Ministers had attempted to keep the report secret for months. Prisons minister David Hanson finally released the data after "considerable interest in the report", which was drawn up by independent auditors PricewaterhouseCoopers.
The authors said: "The creation of drug-free prisons is an expensive option and was not considered to be practical in the current resource climate."
They added that it would be "an option" to give junkies a supervised "retoxification" course near the end of their sentences - in other words, to give them drugs to prevent them overdosing on release.
The report highlighted the failings of mandatory drug tests, which have frequently been hailed by ministers as a success in reducing drug use behind bars.

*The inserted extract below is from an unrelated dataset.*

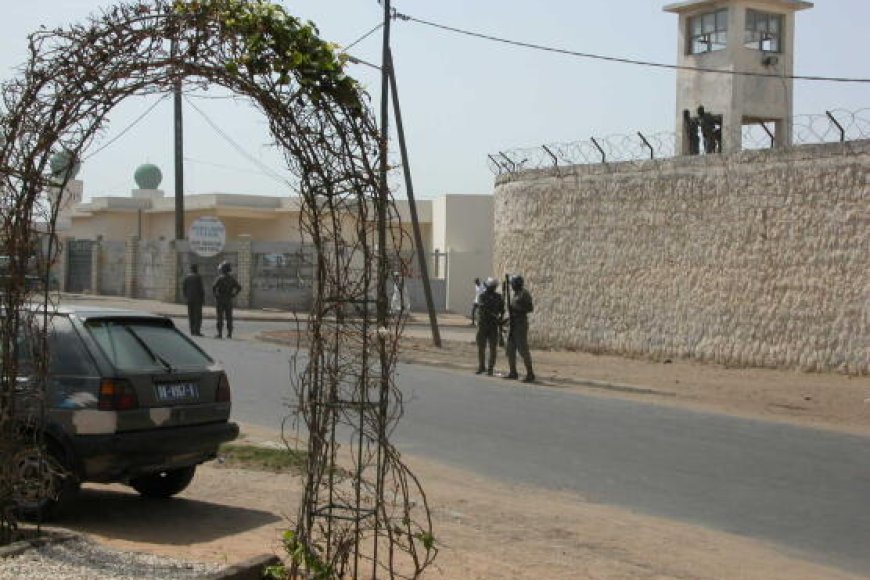 Senegal: Imfungwa n'abagororwa bakoze imyigaragambyo karundura yo kwanga kurya burundu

It said: "Staff and prisoners generally felt that mandatory drug testing should not be used to monitor the behaviour of individuals since it was open to manipulation (with clean urine often being used as a currency), and other problems such as recreational users of cannabis moving to opiate use to avoid detection."
The authors of the report admitted that even the massive £800,000 cost of each addict was likely to be an under-estimate, because they had adopted "the more conservative" figures throughout the exercise.
They calculated the astonishing sum from the additional cost on the NHS as well as other factors such as lost earnings and expenditure on law and order.
More than £730,000 could be saved if an addict was successfully brought into treatment by the age of 21, it added.